▸ What is needed: Would you reproduce the data below exactly, please, leaving out its images?

▸ Data excerpt:
=== Section Start ===

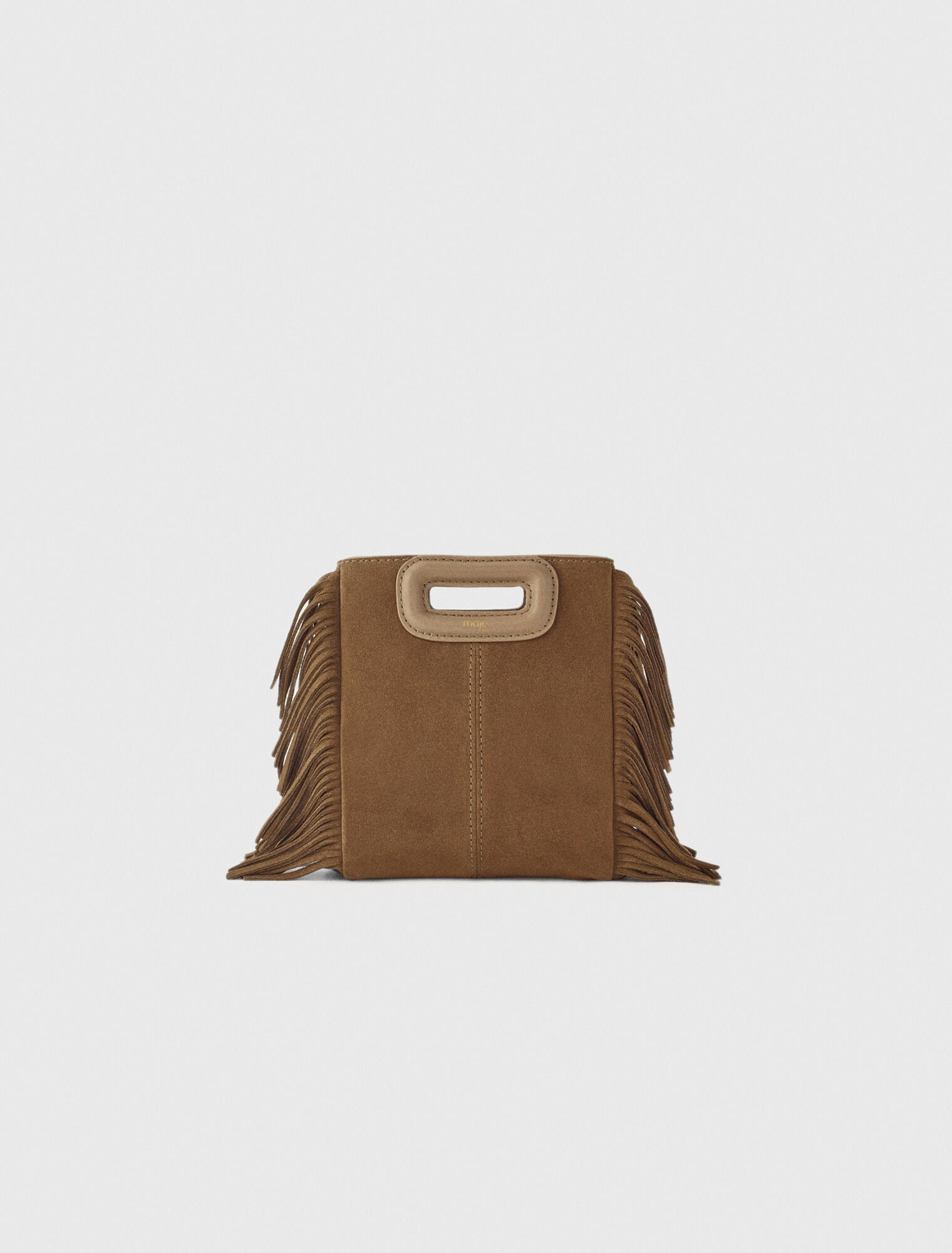 Bolso mini M de piel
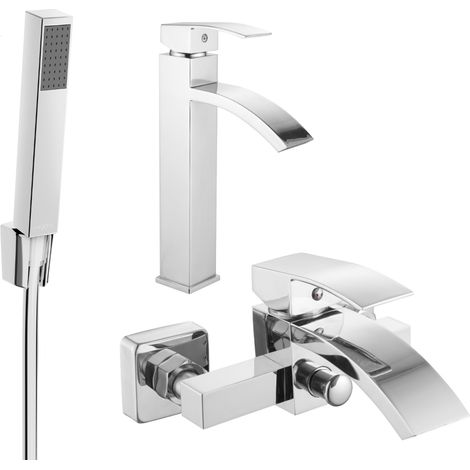 Mexen Libra R77 set da bagno, cromo - 745113R77-00 (1/4)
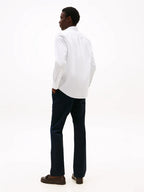 Camisa Tommy Hilfiger Mangas Cortas Lisa Para Caballeros by Tommy Hilfiger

=== Section End ===

▸ Your solution:
 Bolso mini M de piel
 Mexen Libra R77 set da bagno, cromo - 745113R77-00 (1/4)
 Camisa Tommy Hilfiger Mangas Cortas Lisa Para Caballeros by Tommy Hilfiger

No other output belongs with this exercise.